What you give back should be exactly the lines from the one with "[AX1730] AX1730 ARMANI" through the end of the data, without the pictures.

*** Opening of SUPPLIED RECORDS ***

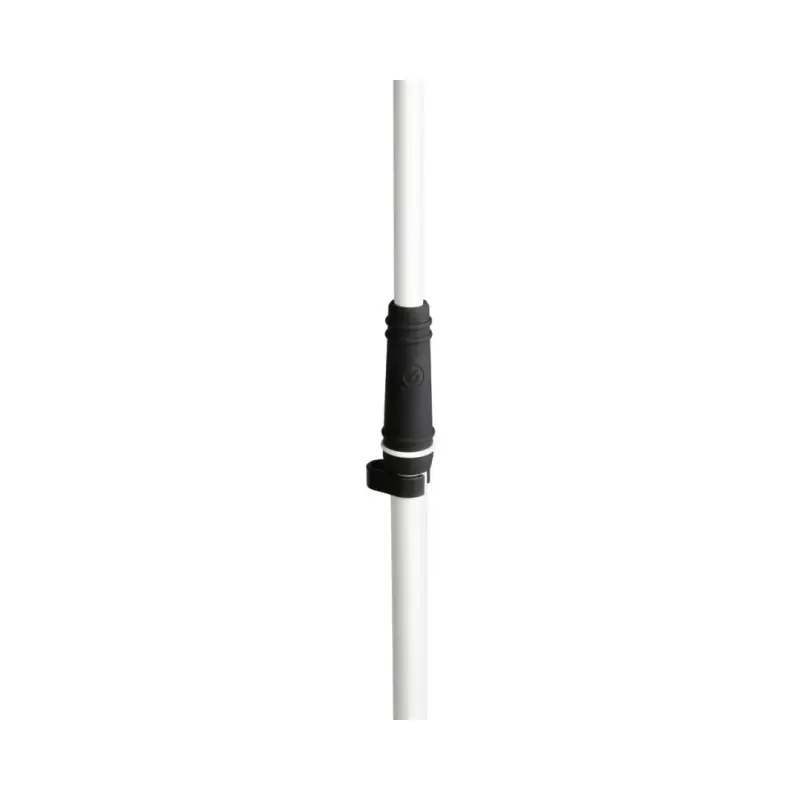 Gravity MS 23 Microphone Stand with Round Base - (White) - Image 4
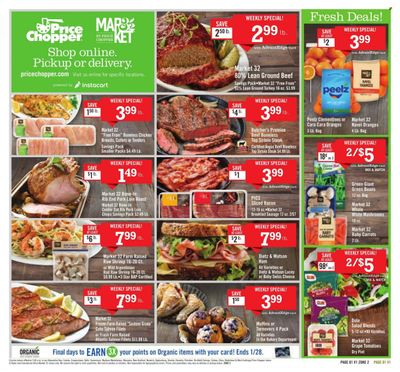 Price Chopper (CT, MA, NY, PA, VT) Weekly Ad Flyer Specials January 22 to January 28, 2023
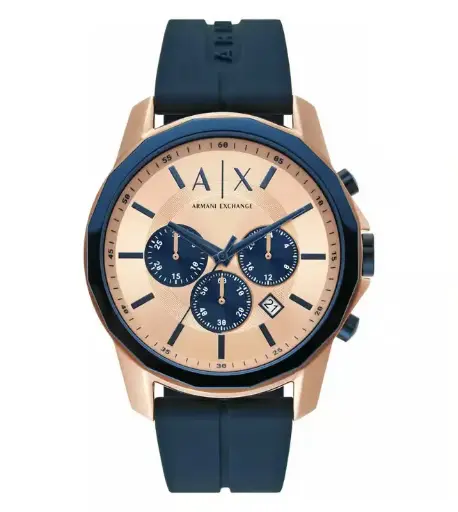 [AX1730] AX1730 ARMANI BANKS CHRONOGRAPH ANALOG WATCH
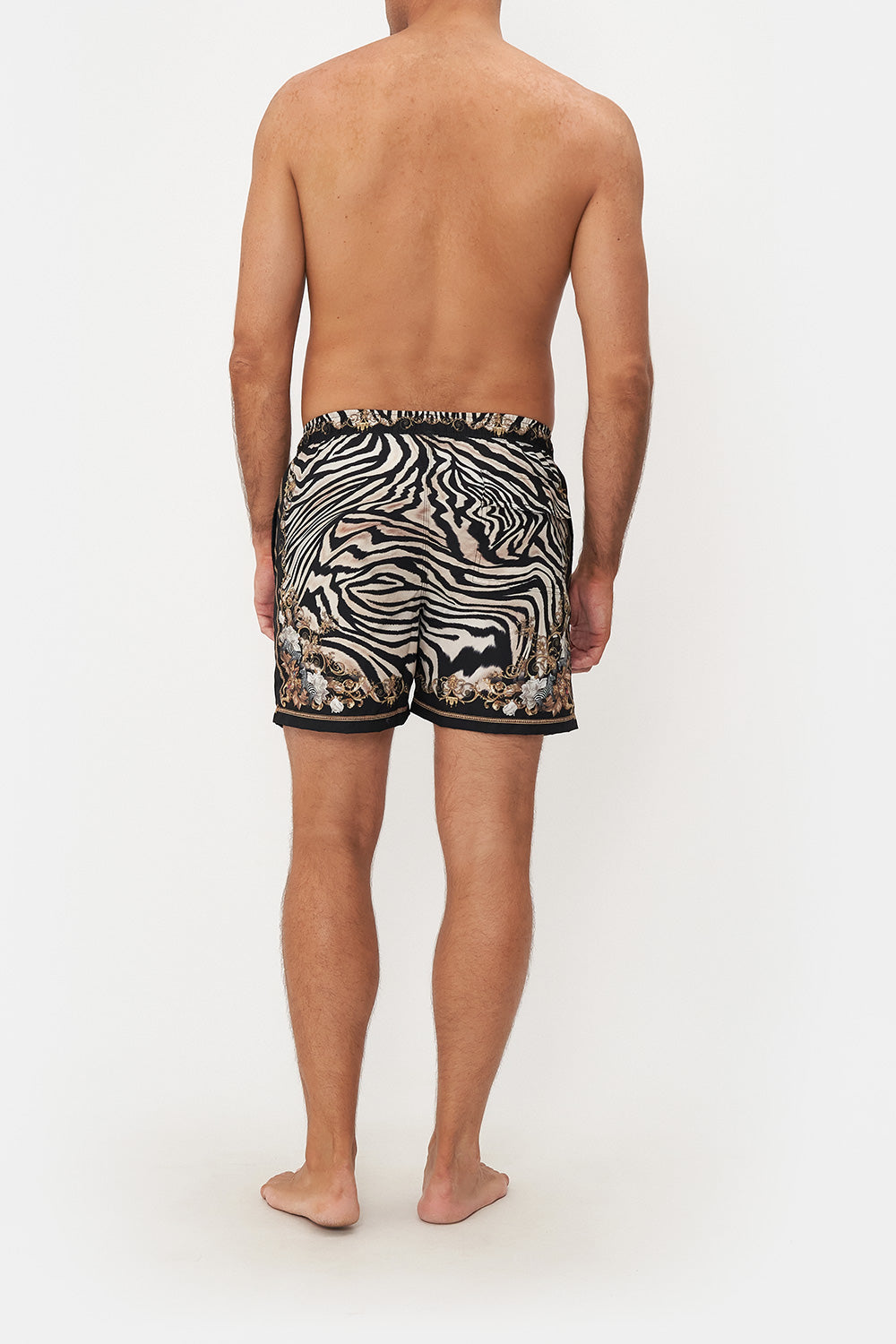 Boardshorts-Mujeres CAMILLA Elastic waist boardshort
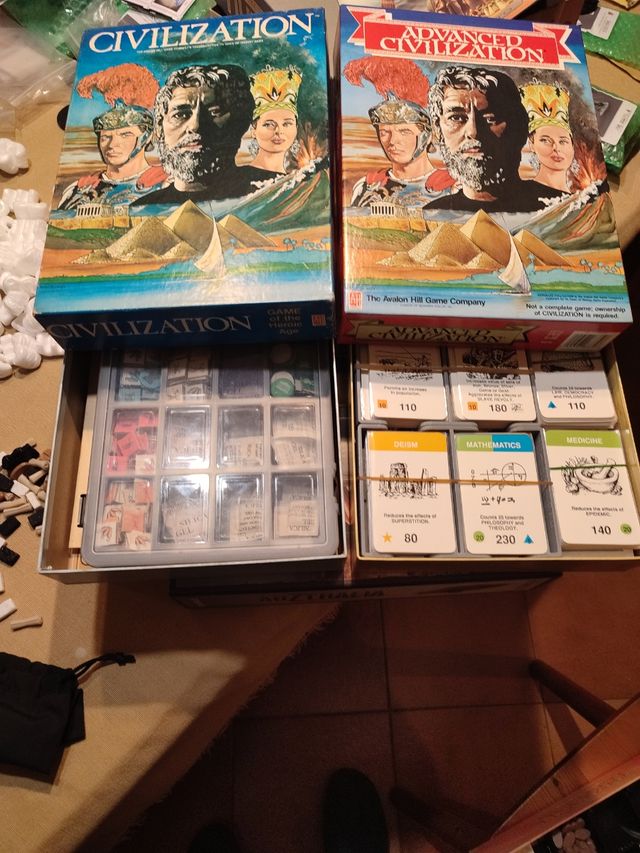 Civilization + Advanced Civilization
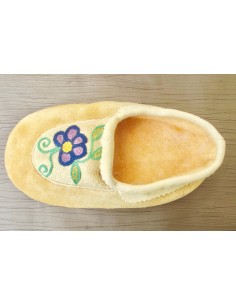 PAIRE DE MOCASSINS CREES 2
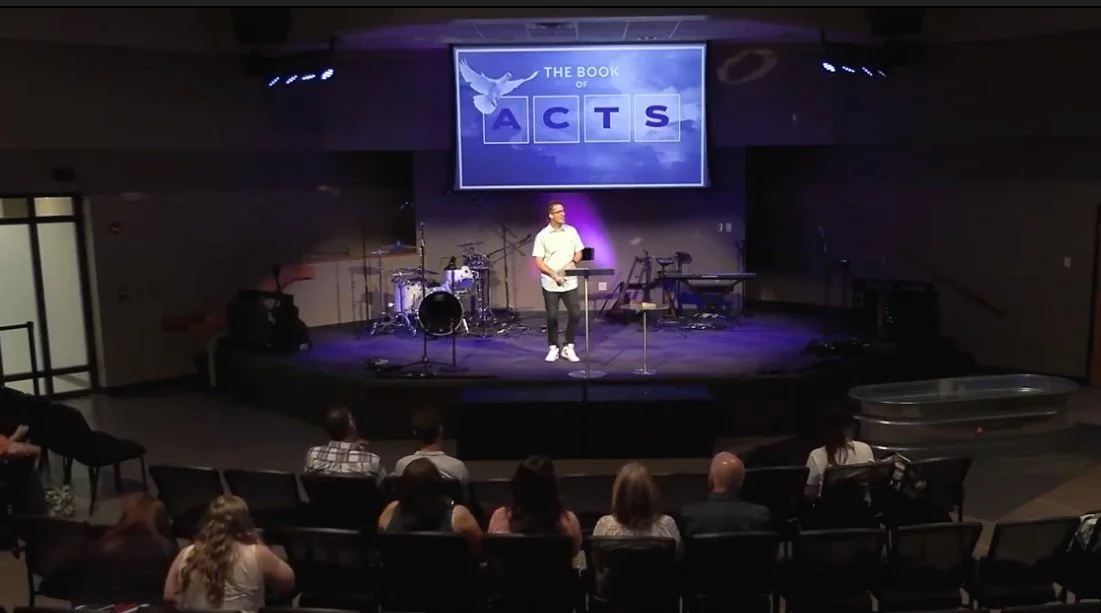 Acts 9:32-43 &amp; Baptisms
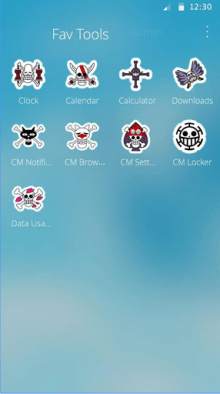 One Piece tema screenshot 6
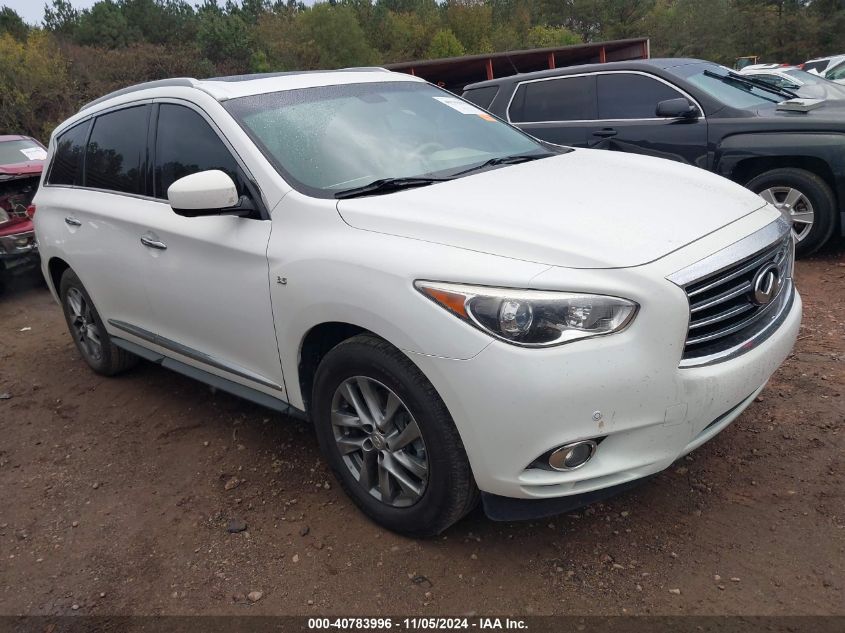 2014 INFINITI QX60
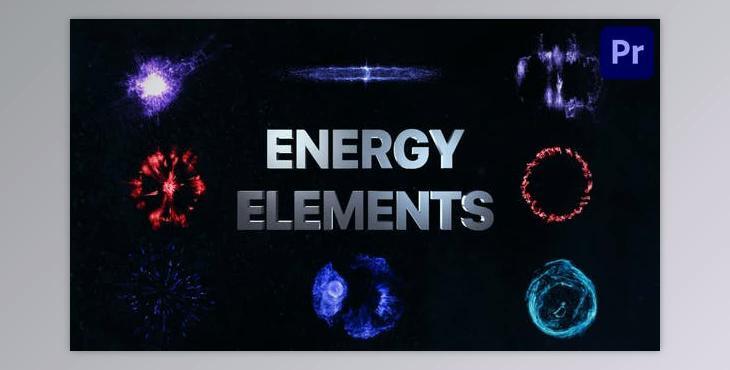 VFX Energy Elements And Explosions for Premiere Pro (Videohive 36552183)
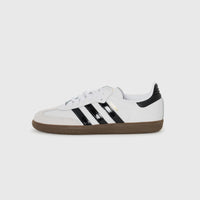 adidas Samba OG - GS - White Core Black Gum
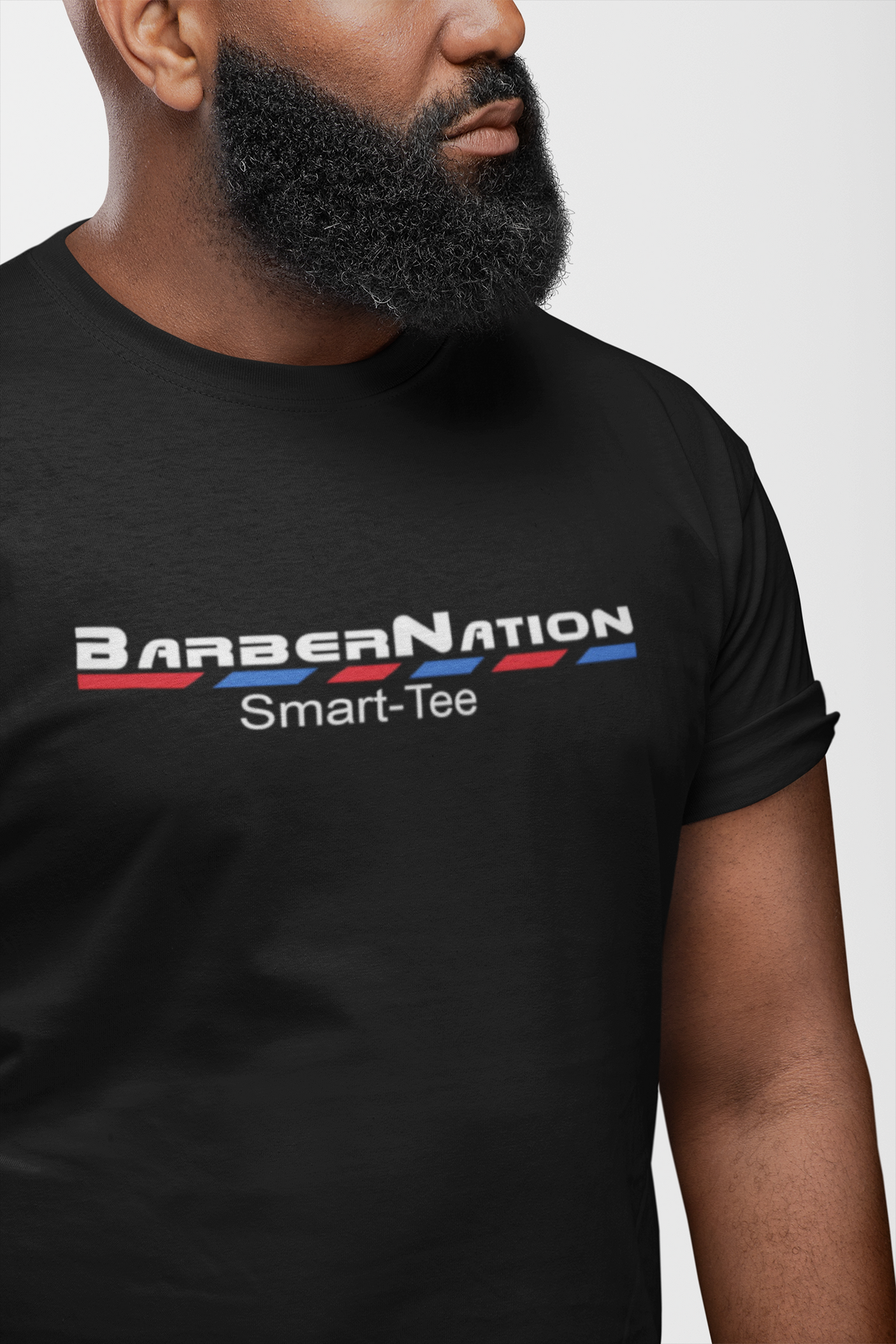 BarberNation Signature "Book Me" Smart-Tee with NFC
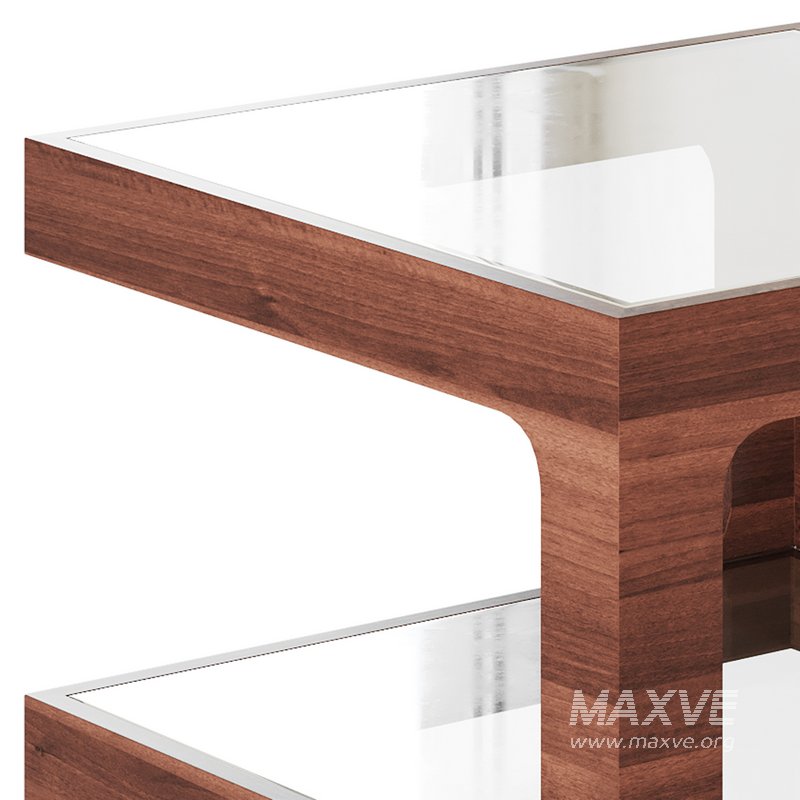 Modern Glass Side Table - Image 9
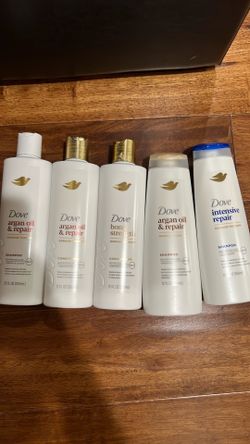 Dove shampoo and conditioner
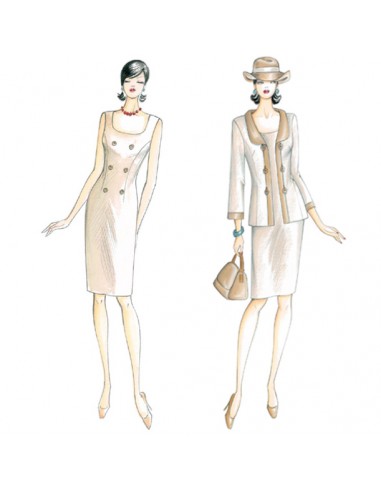 Sewing pattern 4020 2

*** Close of SUPPLIED RECORDS ***

◆ EXERCISE RESPONSE:
 [AX1730] AX1730 ARMANI BANKS CHRONOGRAPH ANALOG WATCH
 Boardshorts-Mujeres CAMILLA Elastic waist boardshort
 Civilization + Advanced Civilization
 PAIRE DE MOCASSINS CREES 2
 Acts 9:32-43 &amp; Baptisms
 One Piece tema screenshot 6
 2014 INFINITI QX60
 VFX Energy Elements And Explosions for Premiere Pro (Videohive 36552183)
 adidas Samba OG - GS - White Core Black Gum
 BarberNation Signature "Book Me" Smart-Tee with NFC
 Modern Glass Side Table - Image 9
 Dove shampoo and conditioner
 Sewing pattern 4020 2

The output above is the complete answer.